RECORDED INFORMATION:
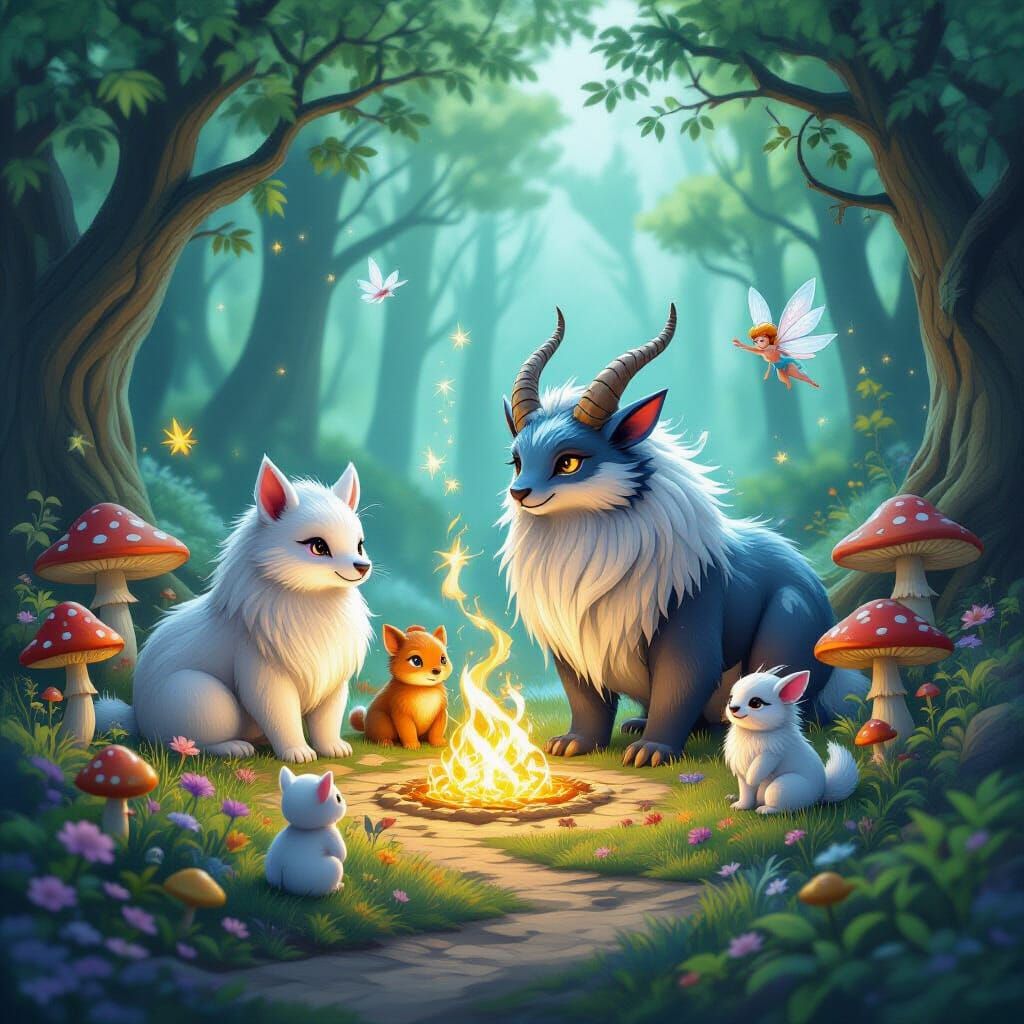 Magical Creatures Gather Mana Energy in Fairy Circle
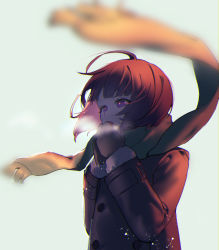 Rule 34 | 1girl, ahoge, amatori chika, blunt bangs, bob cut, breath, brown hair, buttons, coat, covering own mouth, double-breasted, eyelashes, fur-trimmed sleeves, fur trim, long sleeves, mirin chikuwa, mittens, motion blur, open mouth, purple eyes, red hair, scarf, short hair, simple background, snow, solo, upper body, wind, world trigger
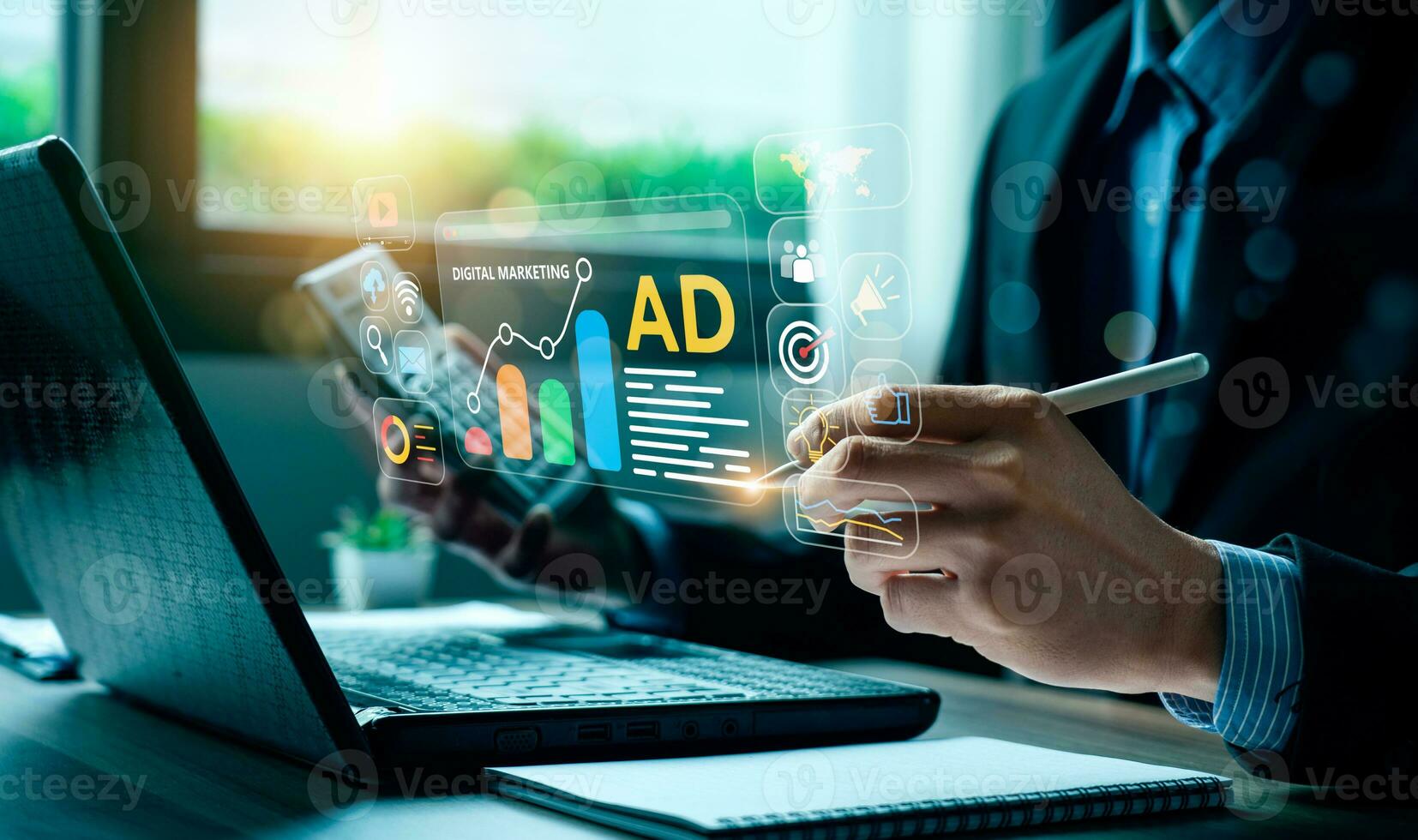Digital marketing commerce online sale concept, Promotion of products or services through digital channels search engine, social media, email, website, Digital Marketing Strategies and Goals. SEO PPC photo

WORK ORDER:
Write out the material above again, word for word, minus its pictures.

COMPLETED TASK:
 Magical Creatures Gather Mana Energy in Fairy Circle
 Rule 34 | 1girl, ahoge, amatori chika, blunt bangs, bob cut, breath, brown hair, buttons, coat, covering own mouth, double-breasted, eyelashes, fur-trimmed sleeves, fur trim, long sleeves, mirin chikuwa, mittens, motion blur, open mouth, purple eyes, red hair, scarf, short hair, simple background, snow, solo, upper body, wind, world trigger
Digital marketing commerce online sale concept, Promotion of products or services through digital channels search engine, social media, email, website, Digital Marketing Strategies and Goals. SEO PPC photo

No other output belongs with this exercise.